In order to run an MPC job on two nodes with eight processes communicating with
TCP, you should use one of the following methods (depending on the thread type
you want to use). Note that on multiple nodes, MPC automatically switches to the
MPC SHared Memory module (SHM) when a communication between processes on the
same node occurs. This behavior is available with all inter-process
communication modules (TCP included).

.. code-block:: console

   $ mpcrun -m=ethread      -n=8 -p=8 -net=tcp -N=2 hello_world
   $ mpcrun -m=ethread_mxn  -n=8 -p=8 -net=tcp -N=2 hello_world
   $ mpcrun -m=pthread      -n=8 -p=8 -net=tcp -N=2 hello_world

Of course, this mode supports both MPI and OpenMP standards, enabling the use of
hybrid programming. There are different implementations of inter-process
communications and launch methods. A call to ``mpcrun --help`` detail all the
available implementations and launch methods.

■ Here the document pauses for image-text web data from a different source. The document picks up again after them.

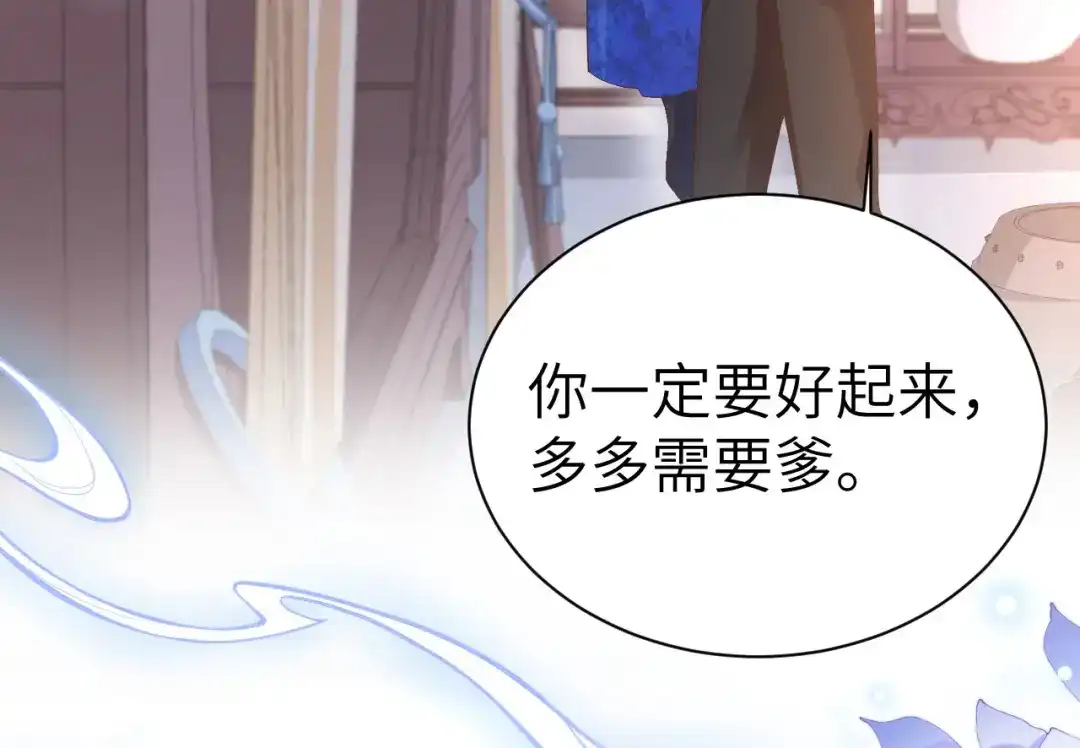 第414页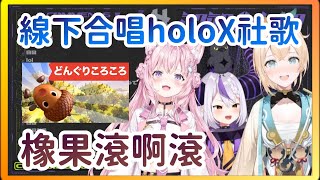 【ラプラス・ダークネス/風真いろは/博衣こより】オッフコラボでholoX課題曲「どんぐりころころ」合唱する【ホロライブ切り抜き/中日字幕】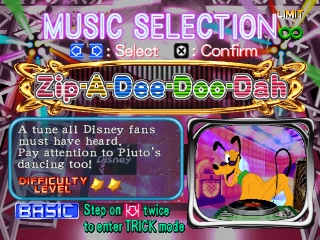 Dance Dance Revolution: Disney's Rave (Dance Dance Revolution: Disney Mix; Dancing Stage: Disney Mix)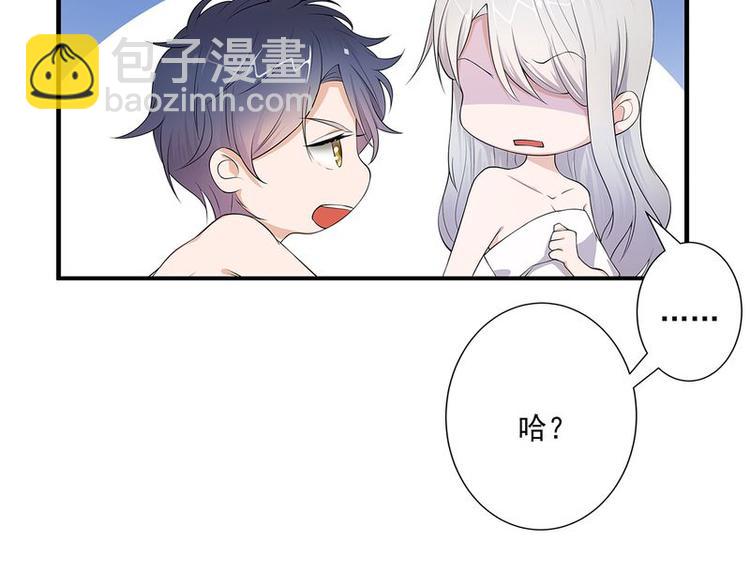 序章(1/2)-第1话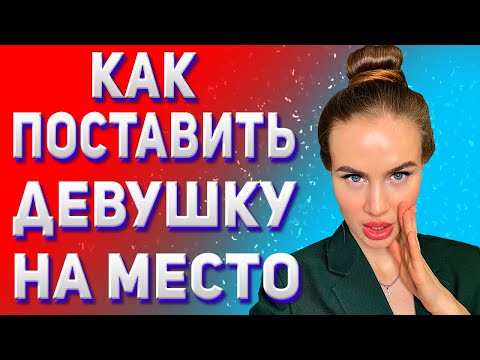 Видео: Как поставить обнаглевшую девушку на место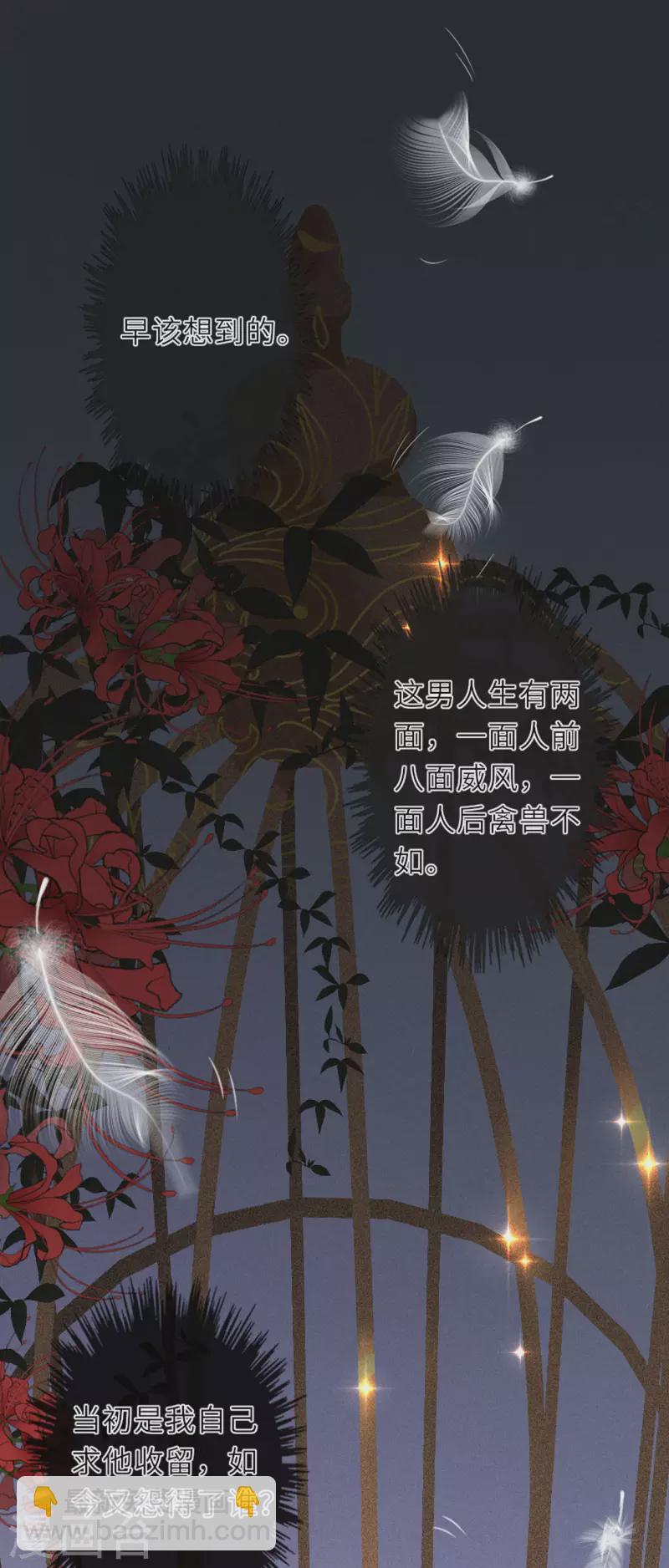第12话 花下饮酒醉25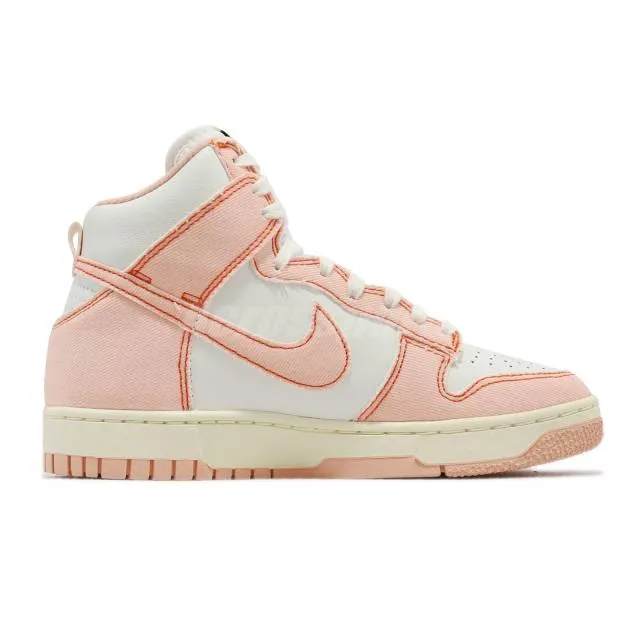 Nike wmns dunk hi 1985 arctic orange women unisex casual lifestyle dv1143-800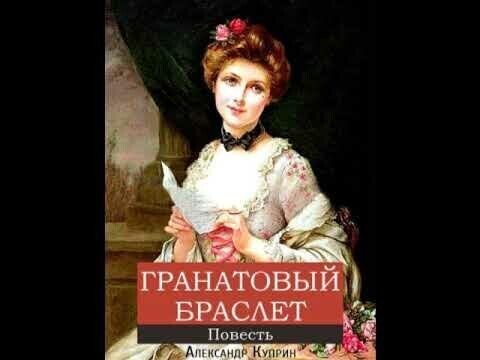 Гранатовый браслет - Куприн.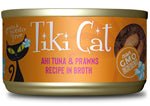 Tiki Pets Cat Manana Grill Ahi Tuna 2.8oz. (Case of 12) - Pets Perfect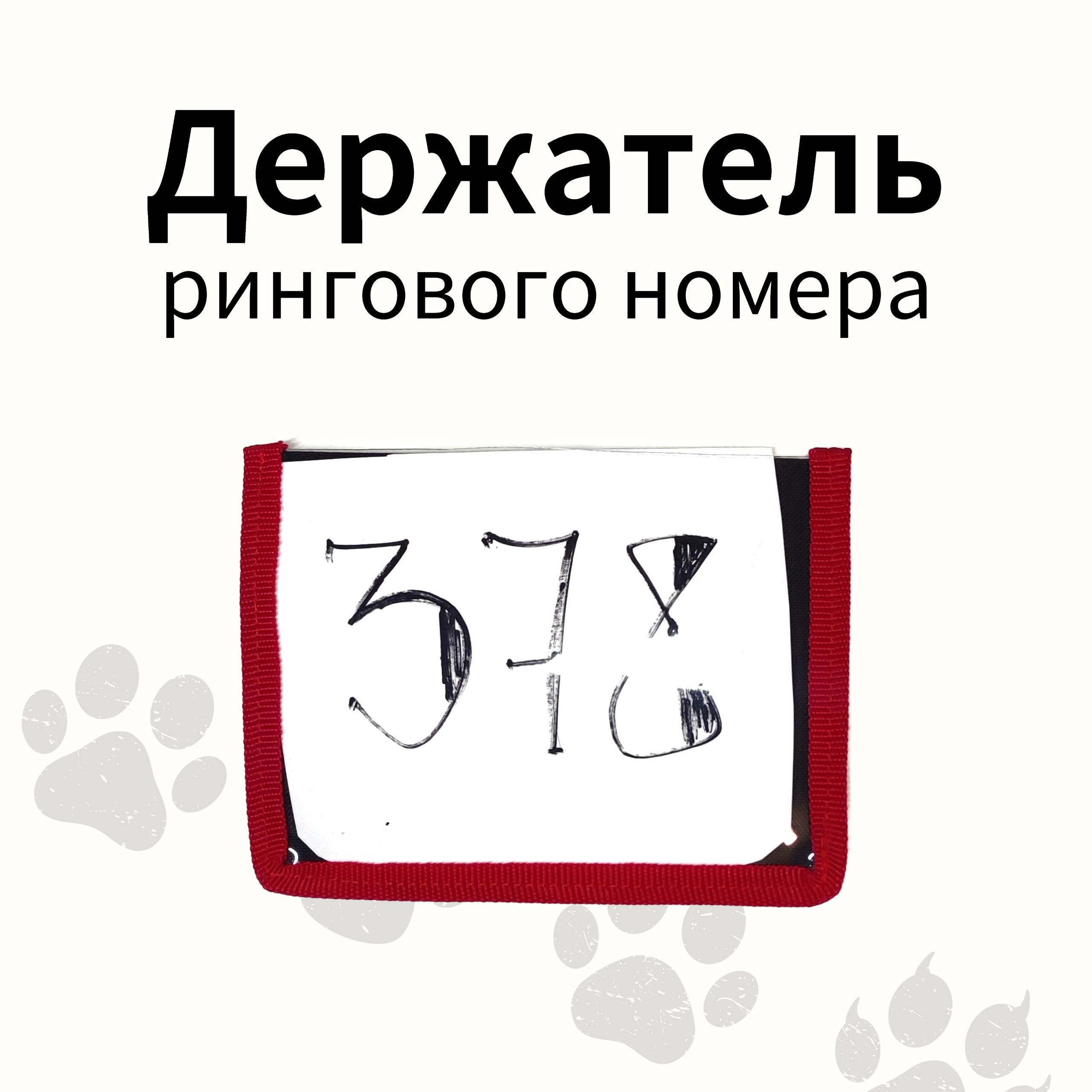 Держатель рингового номера на руку, набор 10шт.в комплекте - купить с  доставкой по выгодным ценам в интернет-магазине OZON (1406221412)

'''''''''''''''''''''''''''''''''''''''''''''''''''''''''''''''''
Multi-process job on multiple nodes with process-based MPI flavor
'''''''''''''''''''''''''''''''''''''''''''''''''''''''''''''''''

MPC offers two flavors of its MPI implementation: process-based and thread-based.
Process-based implementation is similar to the behavior of OpenMPI or MPICH.
The flavor can be directly driven by the launch arguments.
To use MPC-MPI in process-based flavor, the number of MPI processes specified
in the launch command should be the same as the number of OS processes specified
(hence ``-n`` value should be the same as ``-p`` value).
The following examples launch eight MPI processes on two nodes, in process-based
flavor. Each node will end up with four OS processes, each of these OS processes
embedding a MPI process.

.. code-block:: console

   $ mpcrun -m=ethread      -n=8 -p=8 -net=tcp -N=2 -c=2 hello_world
   $ mpcrun -m=ethread_mxn  -n=8 -p=8 -net=tcp -N=2 -c=2 hello_world
   $ mpcrun -m=pthread      -n=8 -p=8 -net=tcp -N=2 -c=2 hello_world

Note that the ``-c`` argument specified the number of cores per OS process.
In the ebove examples, we can deduce that the nodes we want to work on have
at least 8 cores, with four OS processes per node, and two cores per OS
process.

''''''''''''''''''''''''''''''''''''''''''''''''''''''''''''''''
Multi-process job on multiple nodes with thread-based MPI flavor
''''''''''''''''''''''''''''''''''''''''''''''''''''''''''''''''

MPC-MPI was developed to allow a thread-based flavor, e.g. inside a node,
MPI processes are threads. This flavor allows sharing constructs through
the shared memory. Communications between MPI processes on the node are just
data exchange in the shared memory, without having to go through the SHM module.
The following examples launch eight MPI processes on two nodes, in thread-based
flavor. Each node will end up with one OS process, each of these OS processes
embedding four MPI processes which are threads.

.. code-block:: console

   $ mpcrun -m=ethread      -n=8 -p=2 -net=tcp -N=2 -c=8 hello_world
   $ mpcrun -m=ethread_mxn  -n=8 -p=2 -net=tcp -N=2 -c=8 hello_world
   $ mpcrun -m=pthread      -n=8 -p=2 -net=tcp -N=2 -c=8 hello_world

Since the ``-c`` argument specifies the number of cores per OS process, and not
per MPI process, the user need to give a number of cores per OS process at least
equals to the number of MPI process per OS process to avoid oversubscribing.
In the examples above, we will have four MPI process per OS process and eight
cores per OS process, hence two cores per MPI process.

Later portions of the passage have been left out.